Wenn ein Future-Titel nur 9 Euro einbringt

Während der Sieger in Wimbledon mehr als zwei Millionen Euro erhält, ist das Tour-Leben außerhalb des Scheinwerferlichts oft ein harter Überlebenskampf.

von tennisnet.com
zuletzt bearbeitet: 01.07.2016, 13:58 Uhr

ITF-Tour

Dass die Tenniswelt eine finanzielle Zweiklassengesellschaft ist, kann nicht als bahnbrechende Erkenntnis herhalten. Die Schere zwischen Krösus und Bettelmann geht aber offenbar immer weiter auseinander. In Wimbledon wird in diesem Jahr ein Gesamtpreisgeld von umgerechnet 33,6 Millionen Euro ausgeschüttet, wovon die Sieger der Damen- und Herrenkonkurrenz jeweils 2,4 Millionen Euro einstreichen - mehr als jemals zuvor. Im Vergleich zum Vorjahr wurde das Preisgeld nochmal um fünf Prozent erhöht, in den letzten vier Jahren drehte sich die Schraube stetig nach oben. Der Brexit drückte den Kurs des britischen Pfunds vor Turnierbeginn allerdings so sehr, dass das Preisgeld für die Einzelsieger um 370.000 Euro zurückging, wie die "Kleine Zeitung" schreibt . Überraschungsmann Marcus Willis bekommt für das Erreichen der zweiten Runde in Wimbledon also vermutlich auch etwas weniger als die avisierten 60.000 Euro, zudem gehen 50 Prozent des Geldes an den britischen Fiskus.

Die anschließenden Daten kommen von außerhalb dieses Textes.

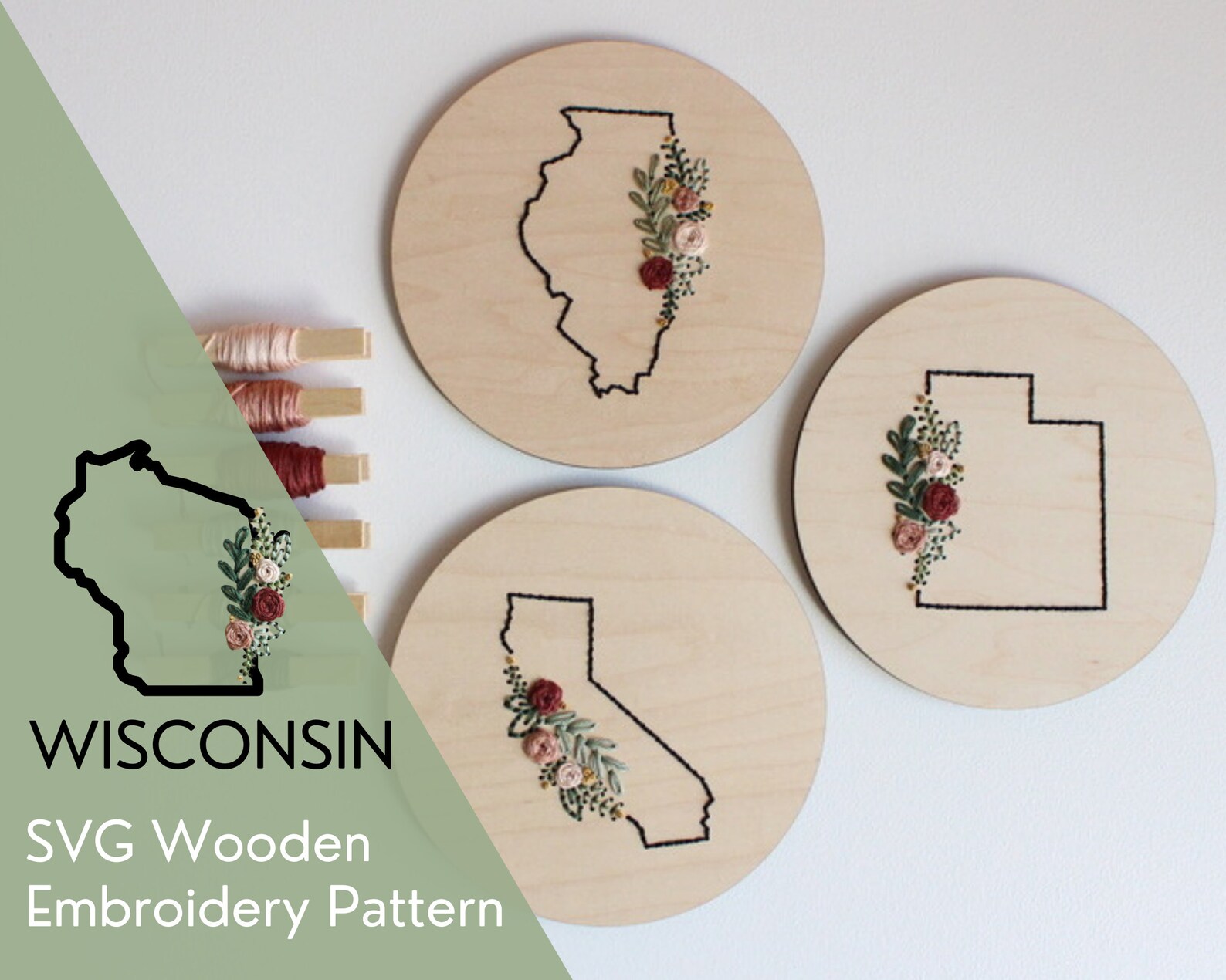 WISCONSIN SVG Floral USA State Embroidery Pattern for Laser | Etsy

10.000-US-Dollar-Turniere sind ein Fass ohne Boden

Summen, von denen die Spieler aus den hinteren Regionen der Weltrangliste nur träumen können. Vor allem das Leben auf der ITF-Future-Tour hat mit der schillernden Hochglanz-Welt an der Spitze der Nahrungskette kaum etwas gemein. Zwar beschloss der Tennis-Weltverband vor einem Jahr, dass die kleinen ITF-Events aufgewertet werden. Die Turniere der 10.000-US-Dollar-Klasse erfahren aber erst im Jahr 2017 eine Steigerung auf 15.000 US-Dollar. In dieser Saison wurden lediglich die 15.000 US-Dollar-Turniere teilweise zu 25.000 US-Dollar-Turnieren erhöht. Die Futures der Einstiegsklasse (10.000 US-Dollar) bleiben für die Spieler außerhalb der Top 250 vorerst jedoch weiterhin ein Fass ohne Boden.

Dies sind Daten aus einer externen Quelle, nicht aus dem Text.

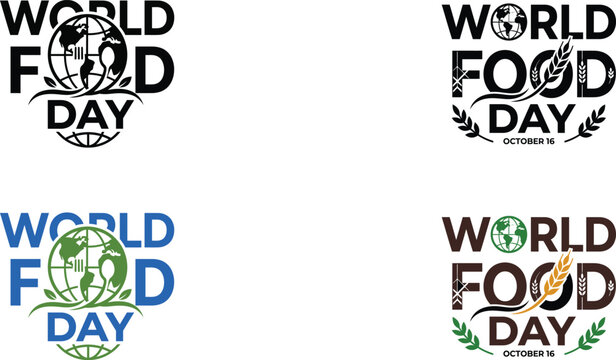 World food day logos and typography variations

Das wird deutlich am Beispiel des französischen Profis Gregoire Jacq , der zumeist auf der Future-Tour zu Hause ist. Die 23-jährige Nummer 294 der Welt bestritt in ihrer Karriere lediglich vier Challenger-Matches und verdiente in diesem Jahr rund 7500 Euro an Preisgeld. Zuletzt gewann Jacq das Future im Schleswig-holsteinischen Kaltenkirchen, wofür er laut ATP-Angaben neben 18 Ranglisten-Punkten rund 1300 Euro Siegprämie einstrich. Der Erfolg war hart erarbeitet: Für den zweiten Future-Titel seiner Karriere stand der Franzose am Finaltag mehr als vier Stunden auf dem Platz. Zunächst gewann Jacq das verlegte Halbfinale gegen Kevin Krawietz nach drei engen Sätzen, um kurz darauf gegen Yannick Maden im Finale anzutreten - von dessen Aufgabe er allerdings profitierte.

Die Tour frisst ihre Kinder

Doch nach Abzug von Steuern blieben dem Linkshänder aus Clermont-Ferrand gerade einmal 954 Euro übrig. Wie die Online-Plattform "Tennisworldusa" vorrechnet, musste Jacq davon noch 400 Euro für Flüge, 300 Euro für das Hotel, 200 Euro für Restaurants sowie 30 Euro für den Besaitungsservice berappen. Von den übrigbleibenden neun Euro lassen sich wohl kaum große Sprünge machen. So oder so ähnlich geht es vielen Spielern, die auf den Hinterhöfen des Wanderzirkus ihren Lebensunterhalt verdienen. In diesem Kontext erscheint es wenig verwunderlich, dass Wettbetrüger vor allem auf der Future-Tour immer wieder Profis zur Manipulation anstiften konnten. Die ITF ist mehr denn je gefragt, auch den Hinterbänklern der Szene ein würdiges Auskommen zu ermöglichen. Bei stetig wachsenden Grand-Slam-Turnieren dürfte das finanziell keine unlösbare Aufgabe sein.